Caption-style text data:
***
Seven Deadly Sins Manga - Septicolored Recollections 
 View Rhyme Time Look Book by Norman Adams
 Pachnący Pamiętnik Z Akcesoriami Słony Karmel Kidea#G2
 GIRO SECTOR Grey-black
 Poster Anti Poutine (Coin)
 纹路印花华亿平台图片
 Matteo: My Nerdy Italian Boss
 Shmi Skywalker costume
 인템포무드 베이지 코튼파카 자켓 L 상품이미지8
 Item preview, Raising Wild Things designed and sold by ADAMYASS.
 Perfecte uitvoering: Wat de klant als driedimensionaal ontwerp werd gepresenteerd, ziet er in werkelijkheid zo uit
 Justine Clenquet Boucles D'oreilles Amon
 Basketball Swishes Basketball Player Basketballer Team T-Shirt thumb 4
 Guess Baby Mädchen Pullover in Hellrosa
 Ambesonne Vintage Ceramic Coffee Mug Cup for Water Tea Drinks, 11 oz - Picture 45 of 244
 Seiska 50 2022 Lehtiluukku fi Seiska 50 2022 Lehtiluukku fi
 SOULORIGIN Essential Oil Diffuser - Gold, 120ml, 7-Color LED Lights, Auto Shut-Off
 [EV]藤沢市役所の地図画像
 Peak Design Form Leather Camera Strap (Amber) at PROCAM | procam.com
***
→ **What you need to do**: The range runs from the line above containing "Pachnący Pamiętnik Z" to the line containing "Item preview, Raising", inclusive. Restate those lines word for word and no others.

→ **Response to the exercise**:
 Pachnący Pamiętnik Z Akcesoriami Słony Karmel Kidea#G2
 GIRO SECTOR Grey-black
 Poster Anti Poutine (Coin)
 纹路印花华亿平台图片
 Matteo: My Nerdy Italian Boss
 Shmi Skywalker costume
 인템포무드 베이지 코튼파카 자켓 L 상품이미지8
 Item preview, Raising Wild Things designed and sold by ADAMYASS.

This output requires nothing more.